Parking lots are odd and cost money. Figures of sleep and of a death that is transient. It is a movement exhibition because of the weather etc. etc., the light. And because of the desire, the drive. I then want to park, pay, and go. I also thought about showing pictures of parking lots. However, the idea of parking lots – also as negatives of cars – is more satisfying than pictures of parking lots. You drive me crazy.

Au, Ä
The objet petit a, after Lacan describes the object cause of desire. I last described my playfully naïve reading of the possible effect of the objet petit a and the difficulties with it relative to the affinity between flush and flash and their phonetical a and ä, or their written u and a. Referring to that grape in English and Traube in German, which both have a little a in the name, would, in writing, evoke desire. What subsequently would make them happy, or to carriers of a cause of desire. Phonetically however not. Here the a of the grape becomes an ä and the a of the Traube becomes an au.

down
And the grapes (always) hang too high (for almost everyone), remain a promise, are not to reach like the positive magical effects of the trickle-down-effect. They trickle down-stairs and are not to be found anywhere. Never were. It is too dark here anyway. The direction of white chocolate is also only down. From some of the grapes white chocolate drips down heavily. Downstairs it is dirty whitish or any colour or nothing at all. Except for white chocolate, nothing trickles down upstairs. The streets are not paved with gold.

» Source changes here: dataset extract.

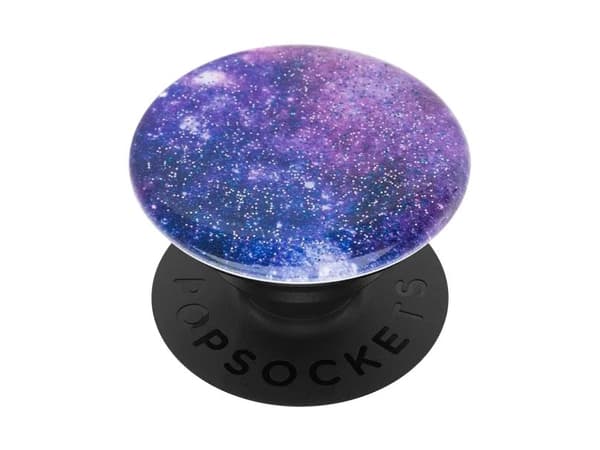 PopSockets Swappable PopGrip - Fingergrip/støtteben for mobiltelefon, nettbrett - Glitter Nebula Flerfarget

The grapes must hang. Art does not have to do anything whatsoever. I want to lie down now. Art has in the most positive sense the impossible position of not having to do anything.

The invitation card is a receipt for a clown collar that I bought years ago. The receipt is from winter 2008. The receipt however is funnier than the collar. What happened in 2008?

A fifteen-minute audio guide that is also retrievable as a pdf on the homepage of Secession, tells you everything, when I am not there.

What carries you? The title of the exhibition could be Was trägt Sie?, What carries you?. A question that I modified and borrowed from Heike Geißler's (!) book Saisonarbeit (Seasonal Associate). Maybe because it arrested me. And I have to add that Geißler used the word tragen, to carry, which is a little odd, but I like it a lot in this case, and it fits also with the grapes etc., but the English translation doesn't use the word carry, they only go for the figurative meaning of motivation, which to me seems to diminish further possible readings.

I would/wanted to wear Gucci-tears. The ones from the autumn-winter 2019 show. They do not run down. They do not smear my mascara. Neither yours.

What carries you?

(Text by Lisa Holzer)

Lisa Holzer was born in Vienna in 1971 and lives and works in Berlin and Vienna.